_Required action_:
Transcribe every line of the material below without change, apart from dropping the pictures.

======== Input data

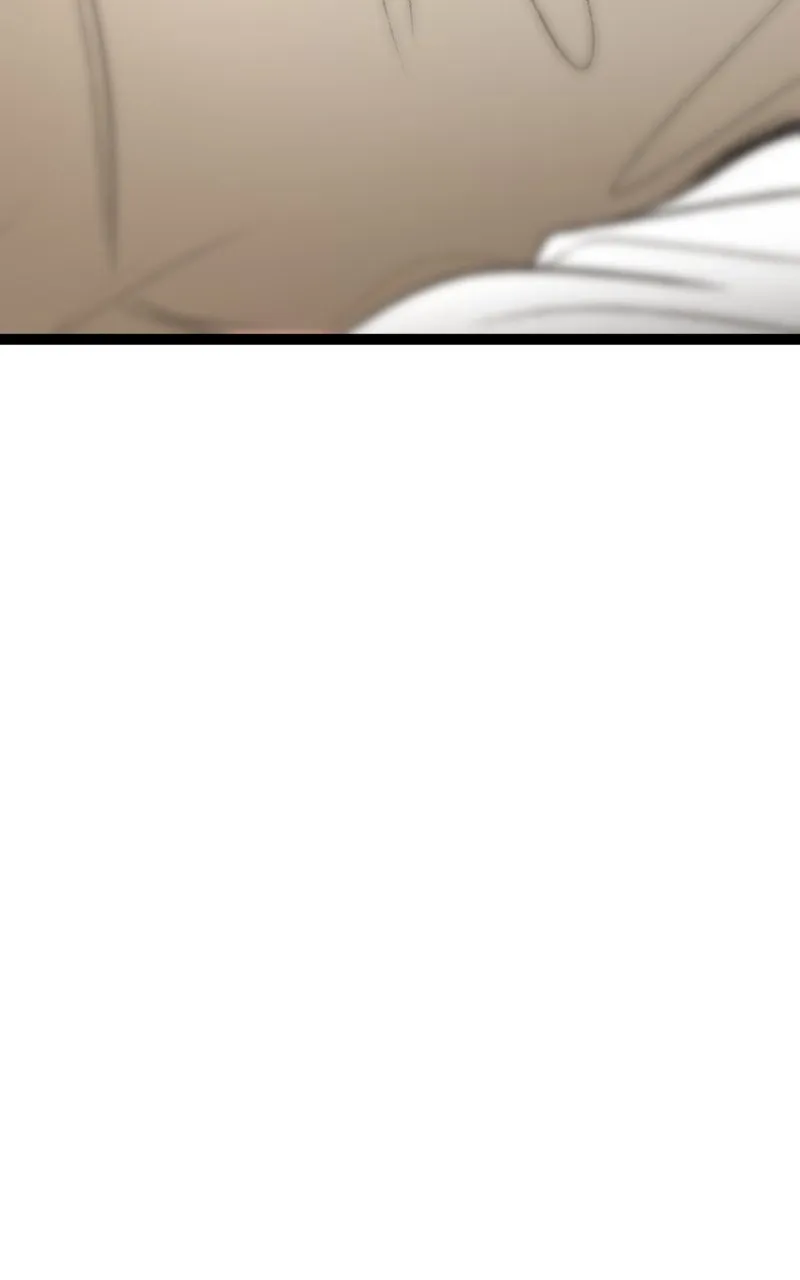 Hit On Me Chapter 18 page 31 - 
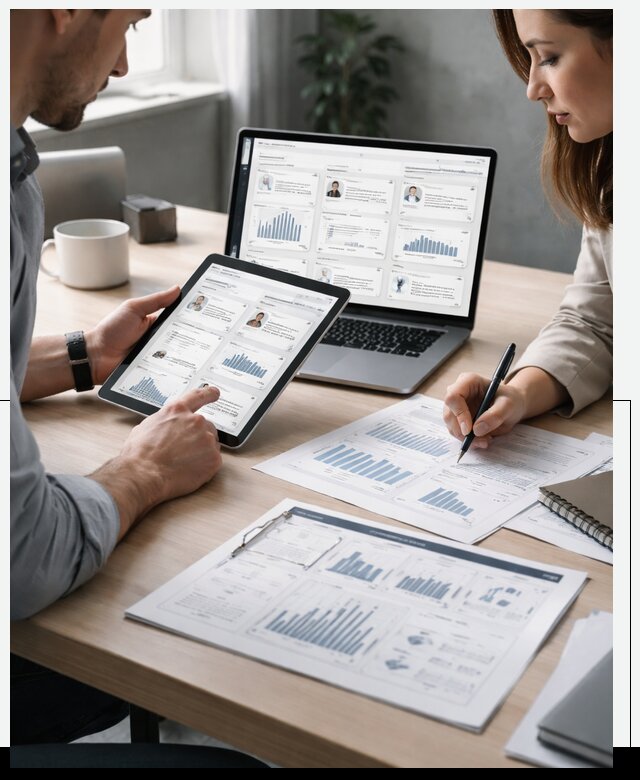 Персонализация контента платформа в Санкте-Петербурге от 12754 р. | АвикейСнк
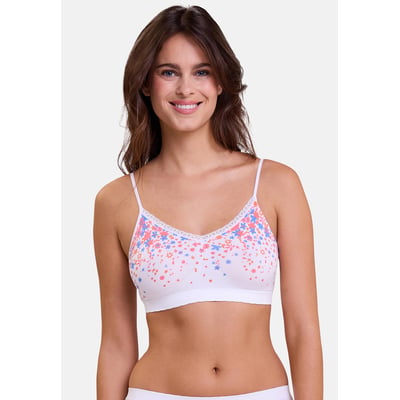 Brassière ZEN FANTAISIE BILLET DOUX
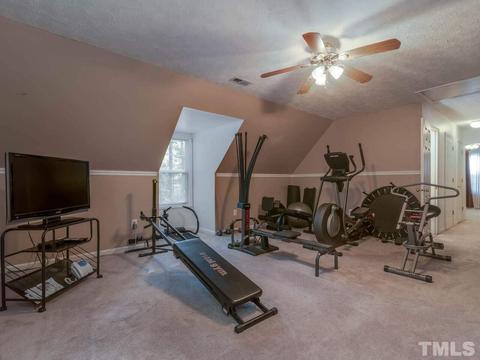1107 Elysian Way, Rougemont, NC 27572 photo 27
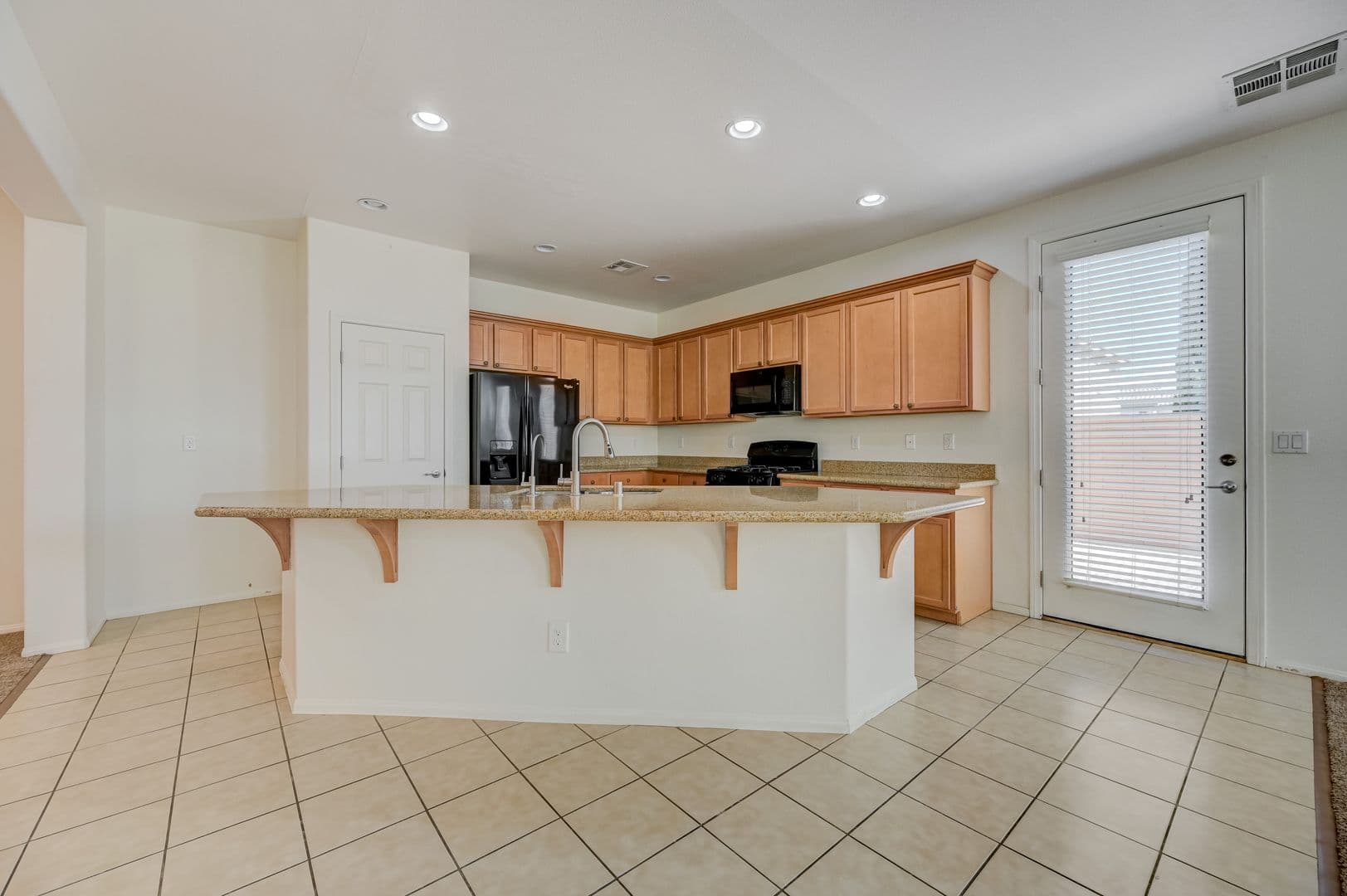 Las Vegas House: 968 Hidden Bull St
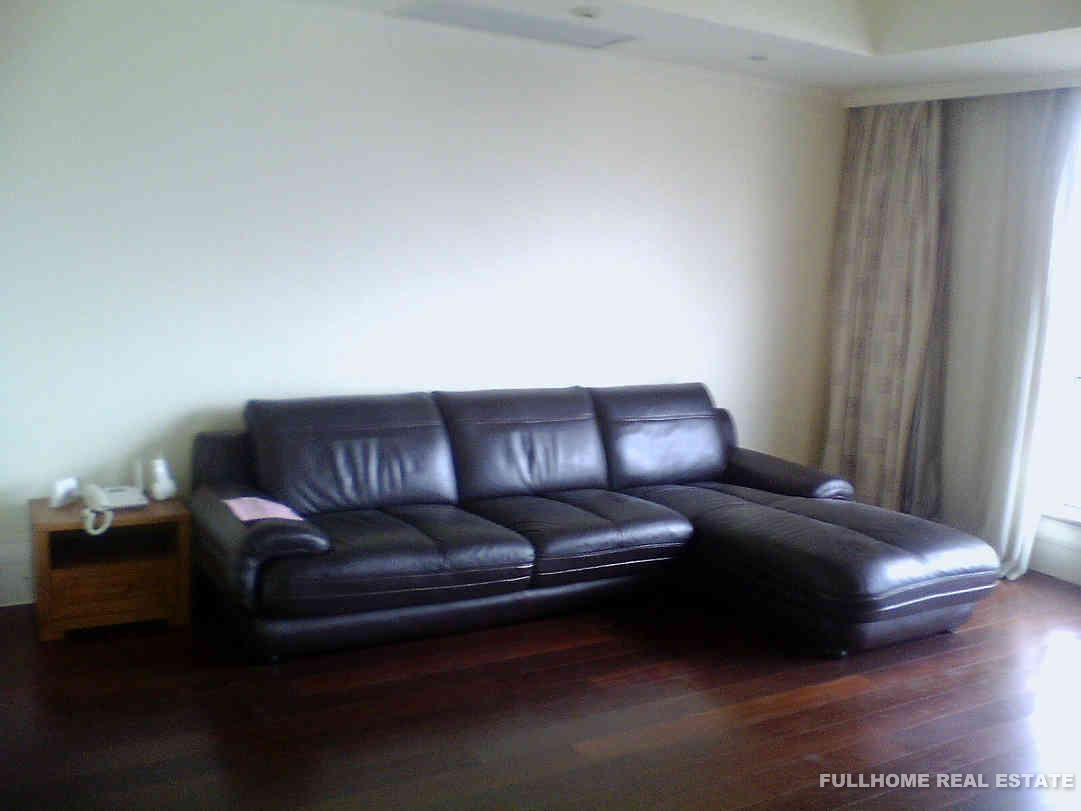 Horizon Resort - Interior view 11, Suzhou rental property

================

_Result for this task_:
 Hit On Me Chapter 18 page 31 - 
 Персонализация контента платформа в Санкте-Петербурге от 12754 р. | АвикейСнк
 Brassière ZEN FANTAISIE BILLET DOUX
1107 Elysian Way, Rougemont, NC 27572 photo 27
 Las Vegas House: 968 Hidden Bull St
 Horizon Resort - Interior view 11, Suzhou rental property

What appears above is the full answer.